We wandered down to the Rhine after lunch, where I'm afraid I couldn't bring myself to photograph the Bayer factory, which looms down the river like a dirty great looming thing. The day got a bit more colourful with the addition of some more highly dubious birds:
...as well as some dapper Goldeneye on the river and a handful of metal-ringed Mute Swans on the bank. Not a lot else to shout about though, I'm afraid - the fact that throwing a tennis ball between us absorbed us for the hour's walk back to the car should tell you everything about the birding. Oh, and then it started to rain...
Next day (when was this? I've lost track already) we were in luck: the sun shone, the snow was crisp, and we had use of the car for the full day! We scooted off to Schloss Burg, before anyone changed their minds about the weather, and had a cracking walk through some lovely oak-beech forest, teeming with Marsh Tits, Nuthatches and frantically-drumming Great Spotted Woodpeckers, with the bonus of a nice pair of Goosander and a point-blank Black Woodpecker just as we got back to the town.

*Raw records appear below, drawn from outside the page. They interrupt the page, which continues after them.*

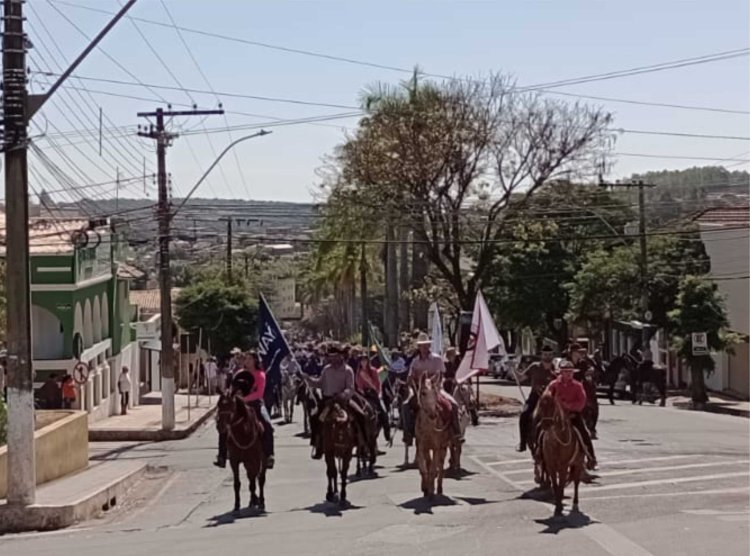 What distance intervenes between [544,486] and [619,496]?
1.12 meters

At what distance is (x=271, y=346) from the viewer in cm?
2253

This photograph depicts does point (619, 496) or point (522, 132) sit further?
point (522, 132)

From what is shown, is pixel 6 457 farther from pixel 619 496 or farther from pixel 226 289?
pixel 226 289

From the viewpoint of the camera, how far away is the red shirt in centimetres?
1684

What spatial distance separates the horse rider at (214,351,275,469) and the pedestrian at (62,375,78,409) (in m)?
19.1

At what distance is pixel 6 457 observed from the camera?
19562 mm

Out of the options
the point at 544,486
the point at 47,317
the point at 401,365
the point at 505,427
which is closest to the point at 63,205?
the point at 47,317

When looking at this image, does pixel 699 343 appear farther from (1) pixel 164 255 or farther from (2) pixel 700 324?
(1) pixel 164 255

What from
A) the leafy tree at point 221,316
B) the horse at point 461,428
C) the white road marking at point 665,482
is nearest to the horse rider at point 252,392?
the horse at point 461,428

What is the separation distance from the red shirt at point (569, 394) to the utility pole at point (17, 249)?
7510 millimetres

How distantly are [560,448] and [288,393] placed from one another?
79.8 feet

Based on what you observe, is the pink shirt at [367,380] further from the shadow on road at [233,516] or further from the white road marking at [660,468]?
the shadow on road at [233,516]

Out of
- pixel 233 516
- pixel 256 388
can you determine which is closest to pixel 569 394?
pixel 256 388

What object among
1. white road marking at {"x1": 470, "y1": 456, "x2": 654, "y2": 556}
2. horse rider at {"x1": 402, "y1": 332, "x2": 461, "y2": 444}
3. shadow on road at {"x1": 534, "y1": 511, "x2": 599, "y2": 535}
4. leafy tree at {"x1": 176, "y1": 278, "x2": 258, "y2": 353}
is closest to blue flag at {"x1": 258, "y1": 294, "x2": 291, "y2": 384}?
horse rider at {"x1": 402, "y1": 332, "x2": 461, "y2": 444} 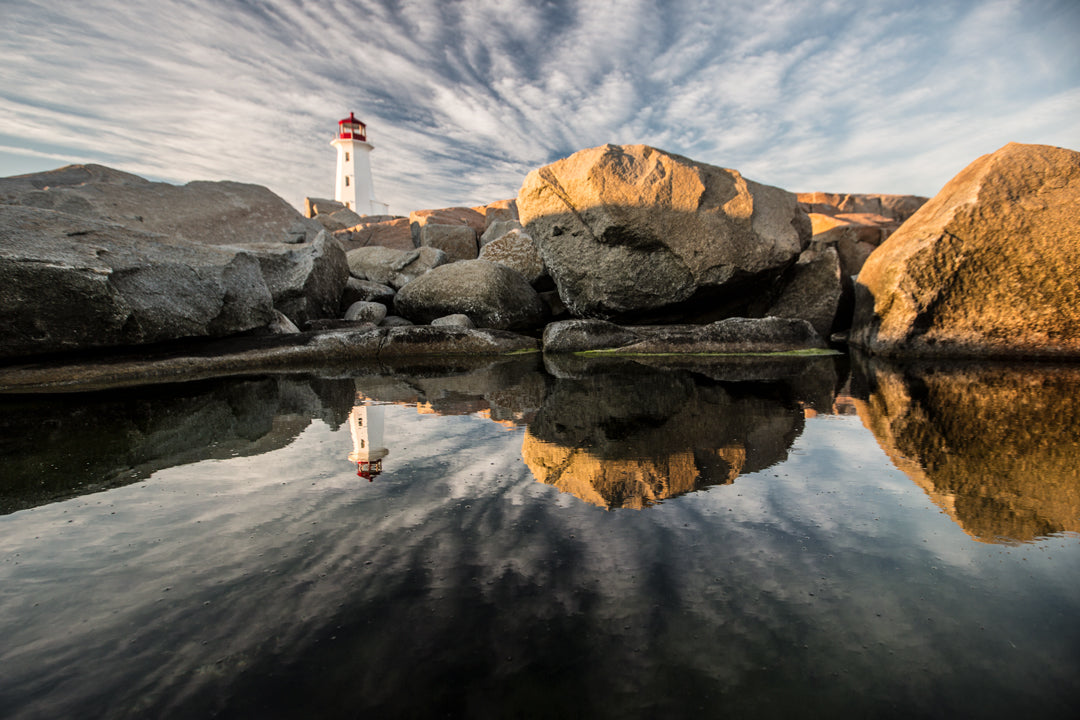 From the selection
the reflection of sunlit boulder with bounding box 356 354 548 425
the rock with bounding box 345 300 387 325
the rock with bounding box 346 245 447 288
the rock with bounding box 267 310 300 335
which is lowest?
the reflection of sunlit boulder with bounding box 356 354 548 425

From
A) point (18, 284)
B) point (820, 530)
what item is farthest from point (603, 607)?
point (18, 284)

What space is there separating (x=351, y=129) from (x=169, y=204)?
31931 mm

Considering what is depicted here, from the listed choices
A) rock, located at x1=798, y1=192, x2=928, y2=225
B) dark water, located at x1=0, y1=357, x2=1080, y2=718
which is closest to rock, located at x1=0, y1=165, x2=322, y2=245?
dark water, located at x1=0, y1=357, x2=1080, y2=718

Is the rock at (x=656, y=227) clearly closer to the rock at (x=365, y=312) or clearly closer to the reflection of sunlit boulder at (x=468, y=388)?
the reflection of sunlit boulder at (x=468, y=388)

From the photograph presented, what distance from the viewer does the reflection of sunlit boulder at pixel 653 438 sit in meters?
2.18

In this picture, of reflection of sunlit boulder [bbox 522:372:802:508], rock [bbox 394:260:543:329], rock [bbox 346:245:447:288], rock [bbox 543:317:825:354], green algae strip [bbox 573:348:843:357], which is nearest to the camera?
reflection of sunlit boulder [bbox 522:372:802:508]

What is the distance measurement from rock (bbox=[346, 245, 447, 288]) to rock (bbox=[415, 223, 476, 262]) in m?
1.75

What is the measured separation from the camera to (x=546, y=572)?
4.81 ft

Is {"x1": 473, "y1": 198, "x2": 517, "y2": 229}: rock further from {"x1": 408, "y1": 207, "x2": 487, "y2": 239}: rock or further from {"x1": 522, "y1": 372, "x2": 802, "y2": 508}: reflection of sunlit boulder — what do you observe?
{"x1": 522, "y1": 372, "x2": 802, "y2": 508}: reflection of sunlit boulder

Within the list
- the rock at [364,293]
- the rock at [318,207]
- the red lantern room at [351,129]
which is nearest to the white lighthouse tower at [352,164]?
the red lantern room at [351,129]

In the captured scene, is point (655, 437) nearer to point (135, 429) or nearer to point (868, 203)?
point (135, 429)

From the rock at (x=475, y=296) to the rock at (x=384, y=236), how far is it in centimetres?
766

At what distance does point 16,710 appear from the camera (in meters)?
1.03

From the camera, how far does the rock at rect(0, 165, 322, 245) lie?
1090 centimetres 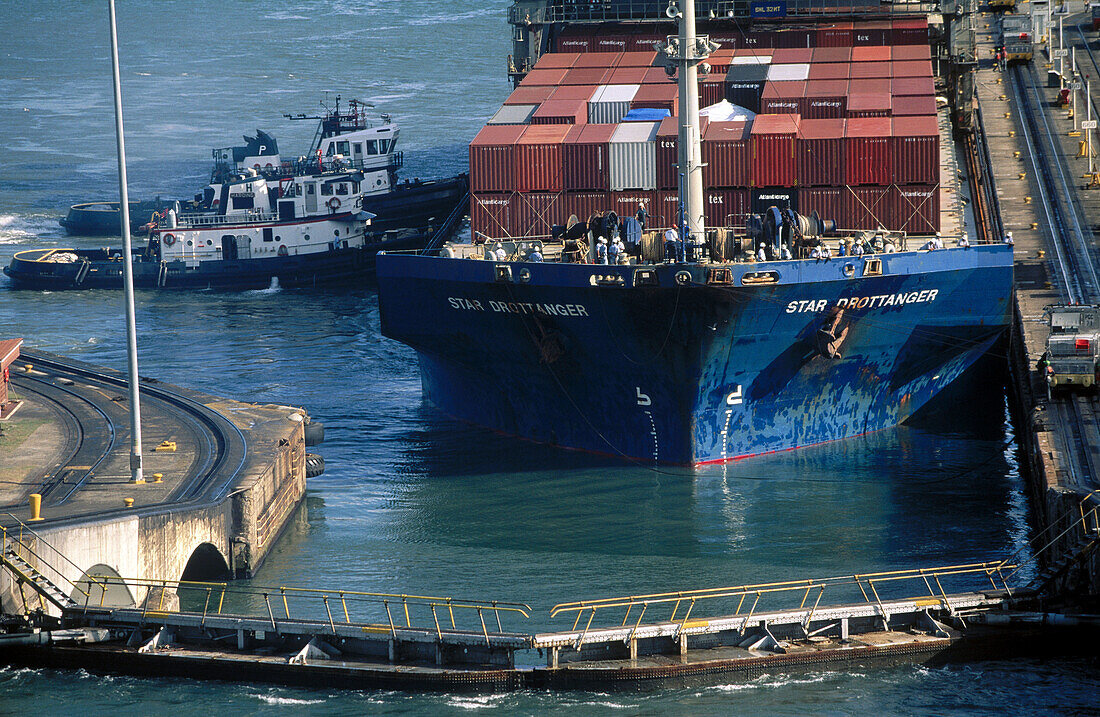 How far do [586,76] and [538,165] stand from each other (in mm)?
10394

A nice view of Schloss Burg from the distance.
And that's what it looks like inside.
They wouldn't let us paint our roadsigns up like that, I'll bet!

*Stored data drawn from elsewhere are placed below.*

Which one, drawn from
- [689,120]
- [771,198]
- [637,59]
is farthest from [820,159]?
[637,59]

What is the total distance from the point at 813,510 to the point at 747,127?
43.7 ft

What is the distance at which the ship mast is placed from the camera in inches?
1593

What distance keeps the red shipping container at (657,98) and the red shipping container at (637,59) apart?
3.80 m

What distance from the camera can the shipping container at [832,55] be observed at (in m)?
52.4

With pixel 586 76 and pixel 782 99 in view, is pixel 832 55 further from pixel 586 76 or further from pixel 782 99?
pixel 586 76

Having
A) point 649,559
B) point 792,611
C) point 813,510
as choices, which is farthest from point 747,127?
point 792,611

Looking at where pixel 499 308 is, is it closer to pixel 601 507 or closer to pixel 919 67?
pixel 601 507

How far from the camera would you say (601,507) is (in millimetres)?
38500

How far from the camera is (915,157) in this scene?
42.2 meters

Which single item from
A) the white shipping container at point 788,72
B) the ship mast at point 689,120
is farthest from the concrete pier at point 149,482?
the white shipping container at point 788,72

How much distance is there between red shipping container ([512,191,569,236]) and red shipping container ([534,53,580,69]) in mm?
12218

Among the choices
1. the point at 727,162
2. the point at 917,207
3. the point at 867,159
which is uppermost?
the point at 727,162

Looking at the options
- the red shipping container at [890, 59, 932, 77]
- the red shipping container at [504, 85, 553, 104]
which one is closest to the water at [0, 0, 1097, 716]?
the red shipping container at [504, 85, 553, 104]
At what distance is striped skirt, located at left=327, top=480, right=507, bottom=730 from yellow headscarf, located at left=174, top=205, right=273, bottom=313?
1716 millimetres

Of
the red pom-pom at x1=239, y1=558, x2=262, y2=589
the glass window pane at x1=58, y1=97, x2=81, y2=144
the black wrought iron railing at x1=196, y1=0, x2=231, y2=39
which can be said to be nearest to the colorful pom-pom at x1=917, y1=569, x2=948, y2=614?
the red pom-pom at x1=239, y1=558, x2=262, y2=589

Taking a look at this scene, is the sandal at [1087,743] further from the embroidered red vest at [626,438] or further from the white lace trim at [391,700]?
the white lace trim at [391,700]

And then, if you try to work out what the sign might mean, as a driver, perhaps that's no bad thing...
The day then got even better when we found that the chairlift was working, so we could get back to the castle with ease, and then make up for all the exercise with fresh waffles with hot cherries and vanilla ice-cream; a local speciality, so I felt honour-bound to try it.
It was great!
To make the most of the weather, we scooted on round to Altenburg, the only (I think) cathedral which is used by and maintained by both Catholics and Protestants. An impressive building, which I completely neglected to photograph. I can offer the restaurant at the carpark in compensation: typical Bergisches land building... Sorry.
The other point was to take a picture of something I always found fascinating about Austria and Germany: the roadsigns up in the event of a military takeover:
We finished off with a meal out with another friend, Martina, who was very entertaining indeed... A proper introduction to Kölsch made it all the more interesting!
Valentine's day found us staunchly birding some of the local gravel-pits, which are surrounded by rather even-aged Scot's Pine and oak woodland, with a smattering of birch thrown in.
Being a weekend, the entire city was outside, and with that and the pools being pretty much frozen, the birds were a bit scarce. It was a tad chilly as well, the temperature only creeping up to zero late on in the afternoon; still, we managed to seive a couple of pairs of Crested Tit out of the mix, along with a nice flock of Redpoll overhead - I'm assuming 'Lesser', rather than 'Common', but don't know of a way of doing them on call. Some disturbing-looking fungus and a nicely anarchic treetrunk rounded the day off nicely, before we chickened out and made for a cafe, to meet up with the final batch of friends...
The disturbing fungus, in all it's colourful glory. There was plenty more of it, smeared down the stem of the tree, but this made the only half-way decent photo.
Treetrunk throwing off the shackles of growing straight and true...
The journey home was a bit of a pig, but here we are, the snow's gone (almost), the Blackbirds are singing and spring is in the air... be nest-recording time soon!